I've recently been told that dy and dx can be treated as very small numbers since they're a ratio.
If this is true then how is the integral of dx/x = lnx ?
it would mean that x' = dx
Which means that dx=1
Could anyone explain?
Thanks!
If you want to calculate:
$\displaystyle \int \frac{dx}{x}$, the primitive is indeed $\displaystyle \ln(x)+C$
What do you mean with x'=dx and so dx=1?
Do you know what $\displaystyle dx$ is? if you don't I think it can be useful to look at the meaning of the limit definition of the definite integral. Are you familiar with that? ...

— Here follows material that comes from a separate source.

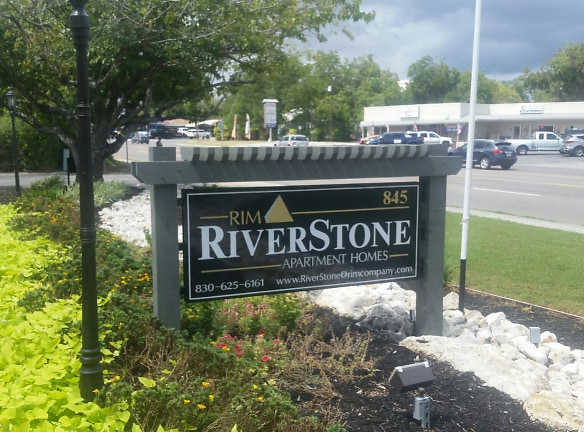 RiverStone Apartment Homes - New Braunfels, TX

That is certainly historically correct. It maybe that $\displaystyle dx$ is just an artifact of history. I knew an American analyst who refused to use it.
He would simply write $\displaystyle \int_a^b f $ whereas most would write $\displaystyle \int_a^b {f(x)dx} $.

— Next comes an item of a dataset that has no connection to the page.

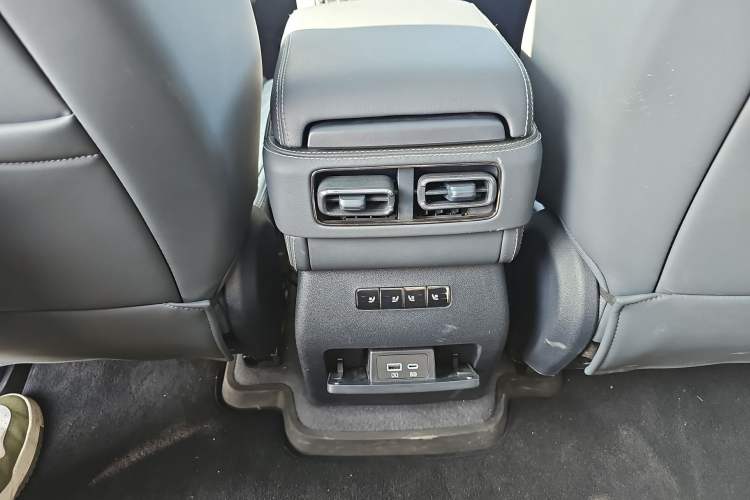 Used  Leopard 5 2025 TianShen Intelligent Driving Ultra Edition
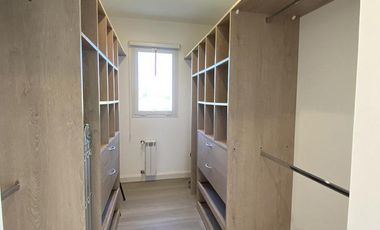 Excelente Casa en Venta - Barrio Chacras de la Cruz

I have been guilty of telling students that artifact simply reminds what the variable of integration is.
So in your question $\displaystyle \int_a^b {dx}=\int_a^b {1dx}=\left. x \right|_{x = a}^b $
What I want to say was that $\displaystyle dx$ has definitely a meaning if you take a closer look to the geometric aspect of definite integrals. But in the case of indefinite integrals I agree with what Plato said.

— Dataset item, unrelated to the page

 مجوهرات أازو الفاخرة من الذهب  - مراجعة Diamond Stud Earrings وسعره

Meaning in case of definite integrals:
Why do you calculate integrals? Probably you know that (calculating the area under a curve). If you have given a curve of the function $\displaystyle f$ and you want to calculate the area in an interval [a,b] then you've to calculate:
$\displaystyle \int_{a}^{b}f(x)dx$
If you're going to take a closer look tot the geometric aspect you're going to divide the interval [a,b] in n equal part intervals with length $\displaystyle \Delta (x_i)=\frac{b-a}{n}$ and height $\displaystyle f(x'_i)$, if you want to calculate the area then you've to make the sum of the area's of all the part intervals that means:
$\displaystyle \sum f(x'_i)\cdot \Delta(x_i)$
But you want a very good approximation of the area under the curve so limits will be a solution for that:
$\displaystyle \lim_{n\to \infty} \left(\sum_{i=1}^{n} f(x'_i)\cdot \Delta(x_i)\right)$
Because the approximation will be better if the length of the part intervals is very small that means you want $\displaystyle \Delta(x_i)$ as small as possible (so you'll get more part intervals and so the approximation of the area under the curve will be better)
Because if $\displaystyle n \to \infty$ then $\displaystyle \Delta(x_i)=\frac{b-a}{n} \to 0 $. So $\displaystyle dx$ is the length of a very small part interval.